Diaspora means the scattering or dispersion of a group of people to anywhere else in the world. Its history dates back to when the Jews were forcibly expelled and scattered after their captivity in Babylon. In terms of numbers, the Filipino Diaspora at 11 million now outnumbers the original Jewish Diaspora. Each year, the Philippines is sending out more than a million to work abroad through its overseas employment program. Every hour, some 100 migrant workers leave the Philippines. Overseas Filipinos are typically doctors, accountants, IT professionals, engineers, technicians, entertainers, teachers, nurses, seamen, military servicemen, domestic helpers and caregivers.
It is scandalous that the government encourages this! And appalling that we have countrymen who think life overseas is better than here. Especially doctors.
I thought people may be interested in reading America is in the Heart. It is the story of the migrant Filipino in a foreign land. Bulosan's book was published in 1946 and based on his own experiences as a migrant worker in US farms in the 1930s-40s.
The role of more than eight million Filipino migrant workers often takes center stage when their remittances hit a record high: they reached USD 14.4 billion in 2007. Despite being called the countrys new heroes, they are subjected to various forms of abuses, exploitation and discrimination.
The Middle East hosts nearly 60 per cent of the total Filipino migrant working population. The region is also home to most of the reported cases of physical and sexual abuse, exploitation and inhumane treatment.

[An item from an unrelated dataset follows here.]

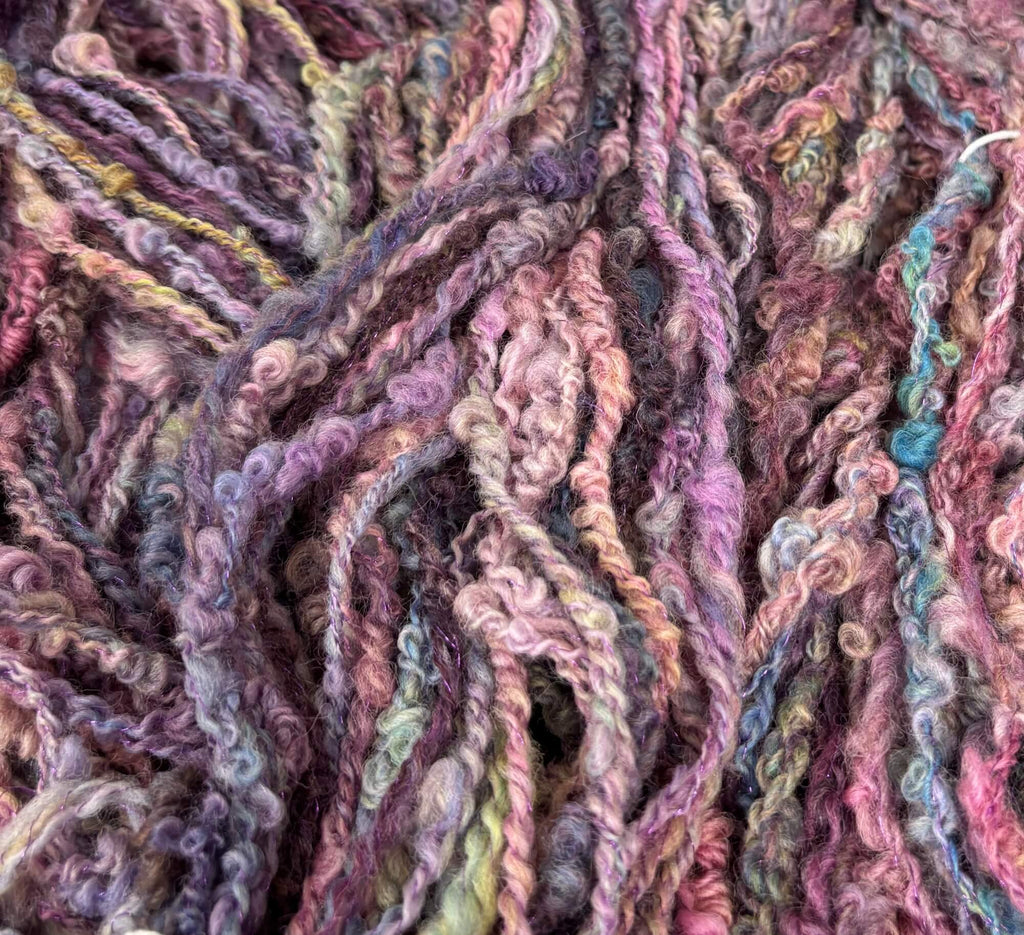 Close-up of multicolored purple yarn strands with a unique texture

Capital cases in the Middle East and elsewhere only represent the tip of a massive problem which faces migrant workers overseas that cause some to commit crimes. Mostly however Filipinos overseas live and work peacefully despite their sometimes facing abusive, exploitative and sometimes inhumane practices and conditions.

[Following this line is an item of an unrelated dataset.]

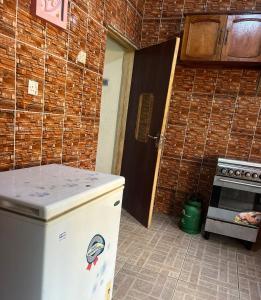 een keuken met een koelkast en een bakstenen muur bij Otam Homes in Ondo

The DFA reports no fewer than 31 cases of highly dangerous emergency situations since January 2006 that have involved a total of 9,500 Filipino workers.
In his recent visit to the Philippines, Prince Constantjin of the Netherlands who chairs The Hague Process on Refugees and Migration admitted that the west had to help developing countries address the issue of brain drain and social disruption caused by a continuing exodus of professional and skilled workers. The Philippines currently faces a shortage of skills in a whole range of areas not just nursing, dentistry or teaching.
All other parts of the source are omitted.